• _DATA PROVIDED_
+===+
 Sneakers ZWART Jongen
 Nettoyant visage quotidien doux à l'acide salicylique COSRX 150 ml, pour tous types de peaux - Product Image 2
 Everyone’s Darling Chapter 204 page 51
+===+
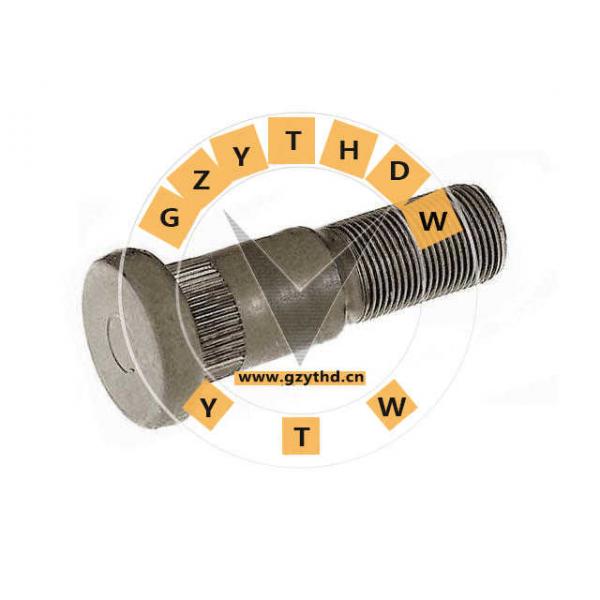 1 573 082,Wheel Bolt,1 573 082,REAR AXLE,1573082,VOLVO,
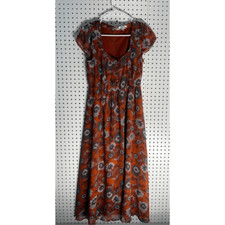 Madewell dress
+===+
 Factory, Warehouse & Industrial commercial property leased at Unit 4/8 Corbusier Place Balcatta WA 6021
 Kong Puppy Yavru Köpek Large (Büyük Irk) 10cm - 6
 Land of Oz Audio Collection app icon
+===+
• _YOUR OBJECTIVE_
Return only the lines between the one holding "Nettoyant visage quotidien" and the one holding "Everyone’s Darling Chapter 204 page 51", inclusive, exactly as they appear above.

• _SOLVED PROBLEM_
 Nettoyant visage quotidien doux à l'acide salicylique COSRX 150 ml, pour tous types de peaux - Product Image 2
 Everyone’s Darling Chapter 204 page 51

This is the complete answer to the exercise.